Being right but early
Even if an investment manager has skill and an investment thesis that will pay off, with equities that payoff may arrive at the “wrong” time. In the simplest case, consider an underperforming strategy. One reason not to sell is that it may soon begin to outperform. The manager, in this case, is right but early; the market has not yet validated the manager’s insight. Perhaps one will be told, “No pain, no premium.” That may be true, but what is to say that a premium will eventually emerge?
The importance of a plan
If a manager is not always right and not always right on time (and who is?), what is to help the nervous investor other than hope? One popular approach is to diversify the management itself by hiring multiple managers with different investing styles and time horizons. This is not without its own problems, however, since the diversification may be haphazard.

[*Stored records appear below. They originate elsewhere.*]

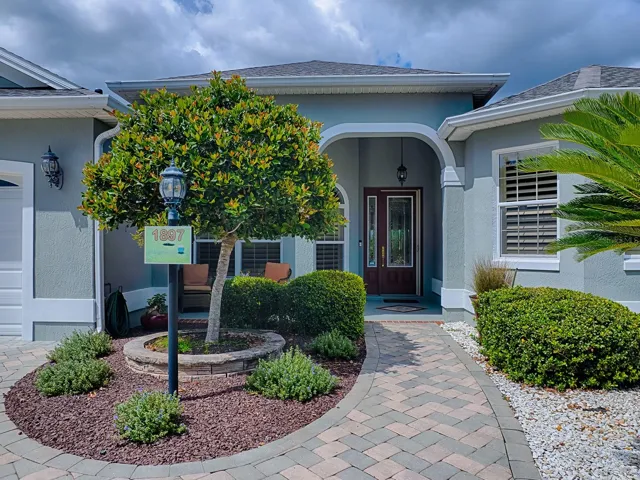LOVELY ENTRANCE WITH A FRONT PORCH AND LEADED GLASS FRONT DOOR WITH SIDELITE.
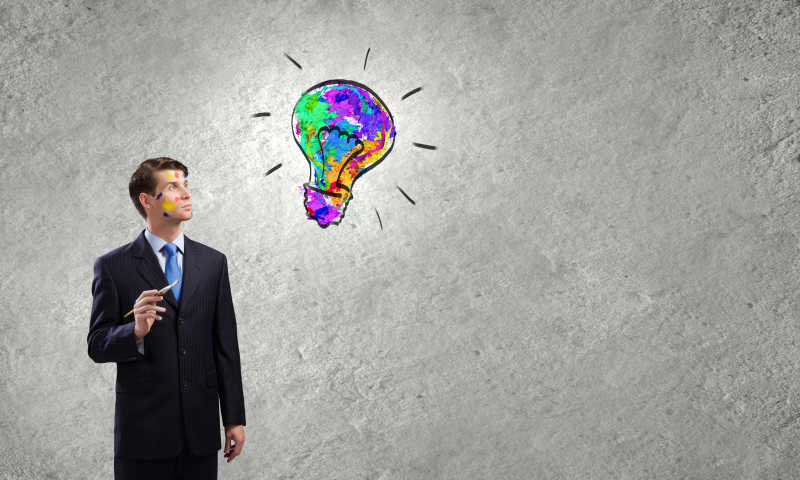 在墙上画彩色灯泡的商人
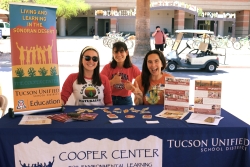 Three people smiling and sitting behind a table covered in outreach material.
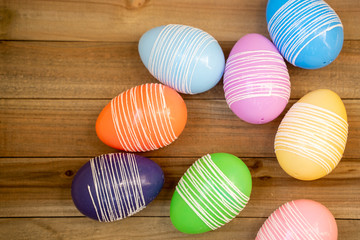 Colorful pastel easter eggs on a wood background. Flatlay (flat lay) background for spring
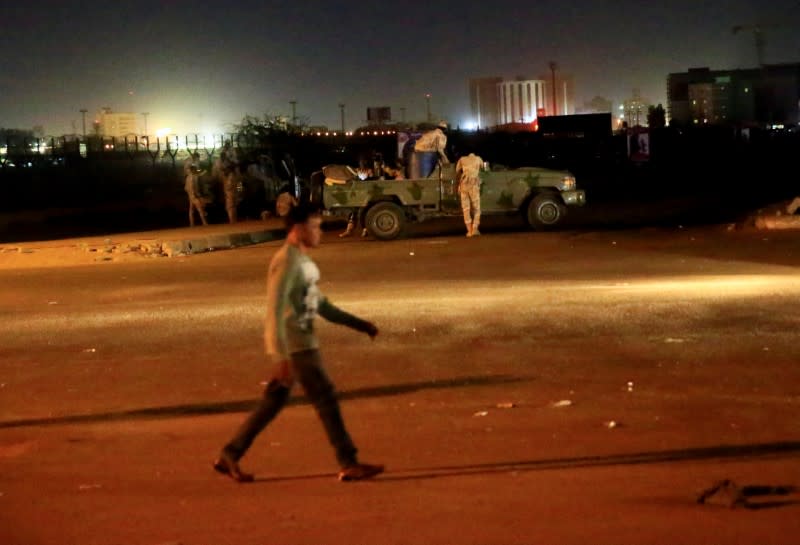 A civilian walks past members of the Sudanese Rapid Support Forces are seen near the area where gunmen opened fire outside buildings used by Sudan's NISS in Khartoum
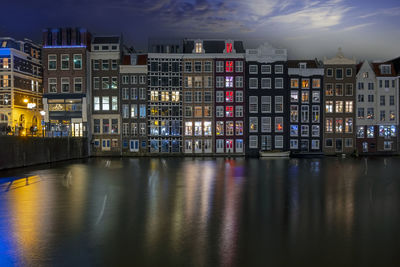 Buildings by river against sky at night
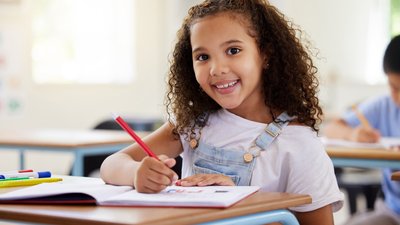 Happy student coloring for creative art in notebook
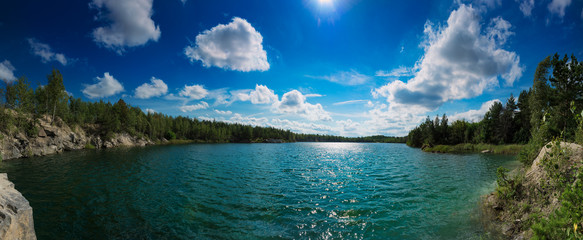 Beautiful summer quarry lake in the cliffs with cloudy blue sky, natural landscape background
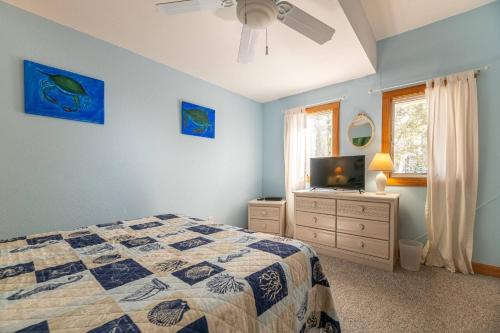 a bedroom with a bed and a flat screen tv at Duck Life D4242 - Pool, Rec Room, Sound View in Sanderling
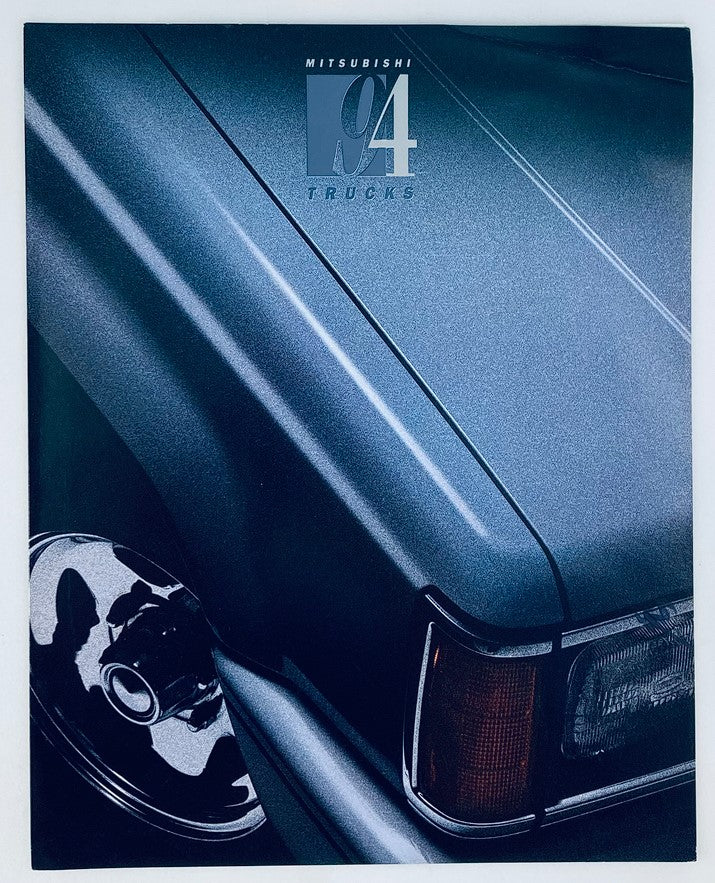 1994 Mitsubishi Trucks Dealer Showroom Sales Brochure Guide Catalog featuring a close-up of a truck's fender and wheel, showcasing the sleek design and glossy finish.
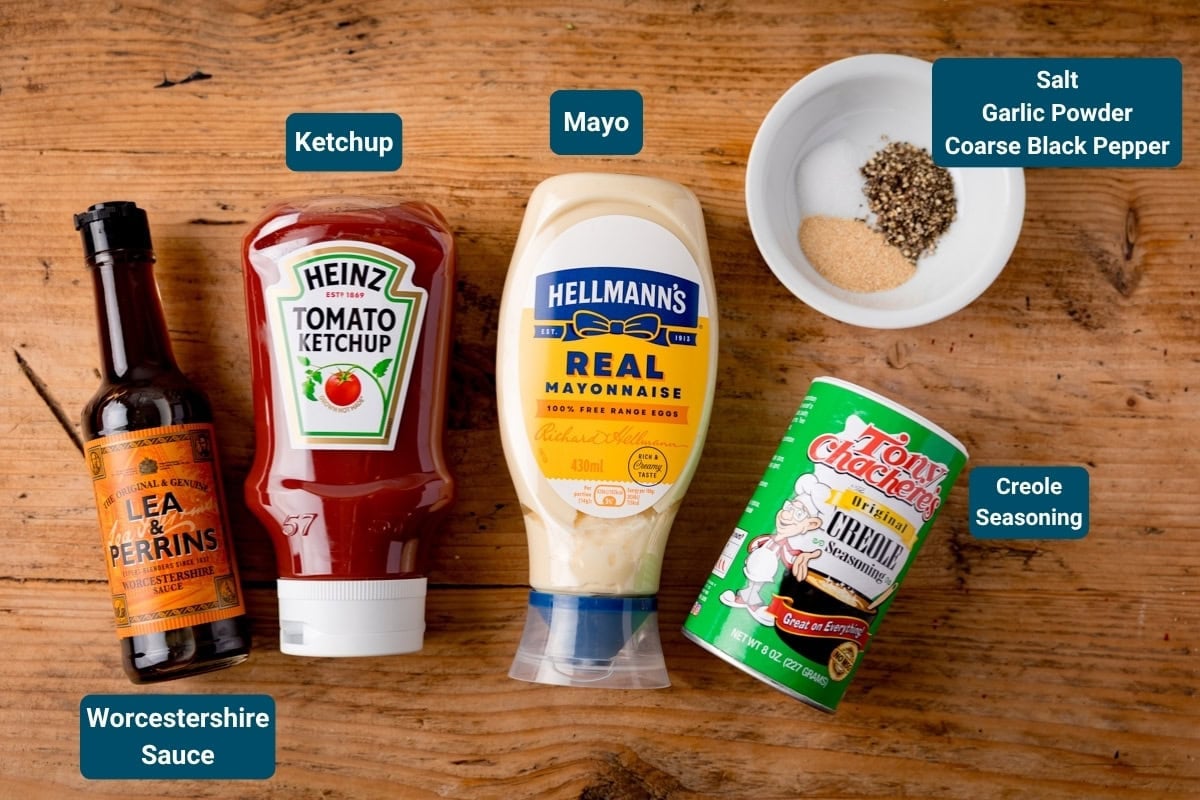 Bottles of Worcestershire sauce, tomato sauce, and mayonnaise, a tin of Creole seasoning, and a bowl with salt, garlic granules, and coarse black pepper on a wooden surface&mdash;perfect for making a Cane's sauce recipe copycat.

Furthermore, the different managers may cancel each other out, leading more to an index-like portfolio.
Quantitative management, which identifies stocks to purchase by systematically analyzing large amounts of data, permits a different option by employing multiple (and diversified) alpha-seeking engines within a single portfolio using sophisticated optimization and risk management techniques. One manager, then, can potentially provide the benefits of a multimanager approach while avoiding the friction of using multiple portfolios.
To quote Keynes once more: the ignorance of even the best-informed investor about the more remote future is much greater than his knowledge. With investing, it’s so easy to be wrong that one of the ways of being wrong is being right, just early. It would be great to avoid ever being wrong; far better, however, to have a plan.